Sechs Monate nach dem Putsch hat das Militärregime in Myanmar den Ausnahmezustand bis August 2023 verlängert. Anschließend sollten Neuwahlen unter Teilnahme mehrerer Parteien stattfinden, erklärte Juntachef Min Aung Hlaing am Sonntag in einer Fernsehansprache. Zugleich wurde mit sofortiger Wirkung eine neue "Übergangsregierung" mit Min Aung Hlaing als Premierminister gebildet, wie unter anderem das Nachrichtenportal "Khit Thit Media" berichtete.

Der Ausnahmezustand war mit dem Putsch vom 1. Februar verhängt worden und sollte ursprünglich ein Jahr dauern. Derweil halten die Proteste gegen den Staatsstreich an. Die US-Organisation Human Rights Watch wirft der Junta Verbrechen gegen die Menschlichkeit vor. Zuvor hatten Myanmars Machthaber die Parlamentswahlen vom November für null und nichtig erklärt. Die Abstimmung hatte die Partei "Nationale Liga für Demokratie" unter Aung San Suu Kyi klar gewonnen.
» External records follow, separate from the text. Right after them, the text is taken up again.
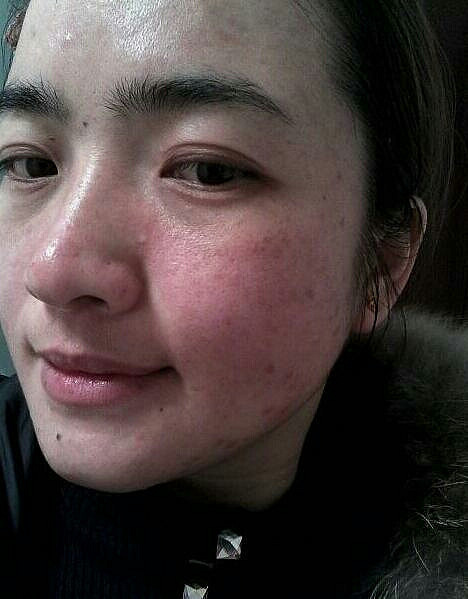 不要等到痘痘严重了再来,从悲伤走向自信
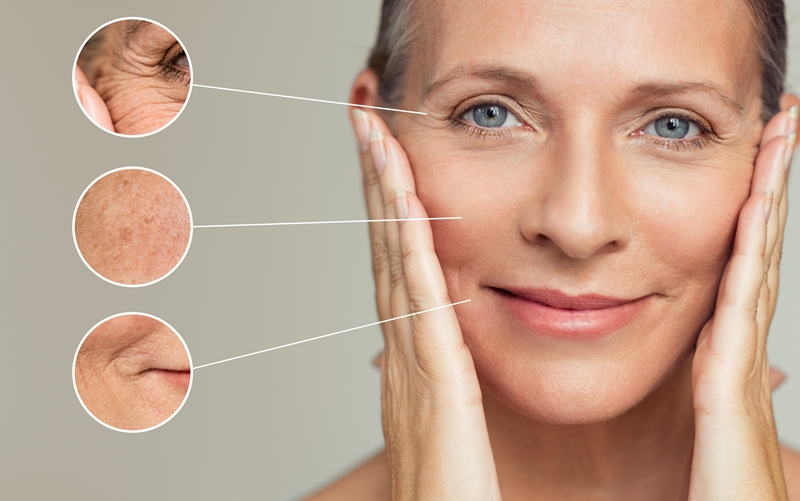sụt giảm Collagen và Elastin theo thời gian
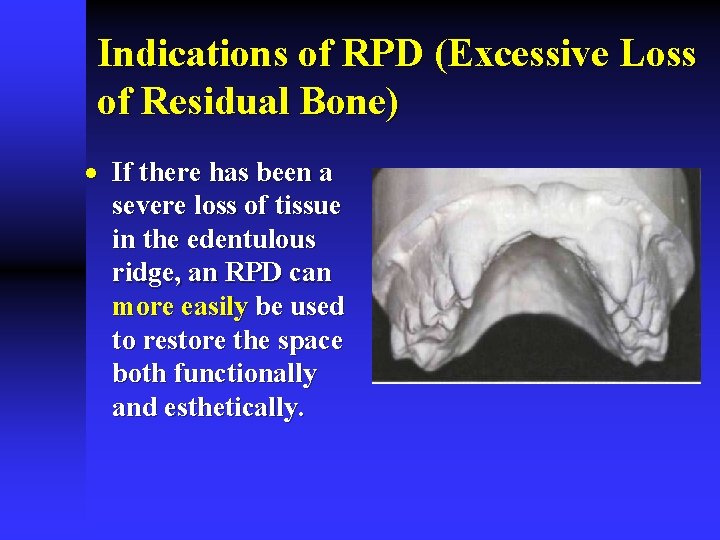 Indications of RPD (Excessive Loss of Residual Bone) · If there has been a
Die militärtreue USDP war unterlegen. Die Generäle begründeten den Putsch mit Wahlbetrug, ohne Beweise dafür vorzulegen. Die gestürzte de-facto-Regierungschefin Suu Kyi war noch am selben Tag festgenommen worden. Inzwischen wird der 76-Jährigen wegen zahlreicher fingierter Anklagen der Prozess gemacht.

Auf Proteste habe das Militär mit systematischer und exzessiver Gewalt reagiert, kritisierte Human Rights Watch. Polizisten und Soldaten hätten über 900 Menschen getötet, darunter 75 Kinder. Mehr als 100 Personen seien verschleppt und unzählige weitere in der Haft gefoltert und vergewaltigt worden.

Die lokale Gefangenen-Hilfsorganisation AAPP spricht zudem von fast 7.000 Festgenommenen. Die meisten säßen noch hinter Gittern. Fast 2.000 weitere Personen stünden auf der Fahndungsliste der Junta. Schon in der Vergangenheit habe die Armee systematische Verbrechen begangen, darunter an der muslimischen Volksgruppe der Rohingya, erinnerte Human Rights Watch.

Die UN werfen Myanmars Streitkräften Völkermord vor. Auch Angehörige ethnischer Minderheiten wie unter anderem der Kachin, Shan und Karen sind den Angaben zufolge gezielter Gewalt ausgesetzt, die sich in den vergangenen sechs Monaten erneut verschärft hat.

Im April hatten Gegnerinnen und Gegner des Putsches die Bildung einer "Regierung der Nationalen Einheit" (NUG) proklamiert. Zudem gibt es landesweit zahlreiche Gruppierungen, die als "Volksverteidigungskräfte" gegen das Militärregime kämpfen. Die Junta hat die NUG und deren Verbündete zu "Terroristen" erklärt.

Die Weltgemeinschaft müsse auf die anhaltenden Verbrechen reagieren, indem sie die internationalen Sanktionen gegen die Militärs ergänzten, verstärkten und koordinierten, erklärte Human Rights Watch. Unter anderem fordert die Menschenrechtsorganisation ein globales Waffenembargo gegen Myanmars Generäle.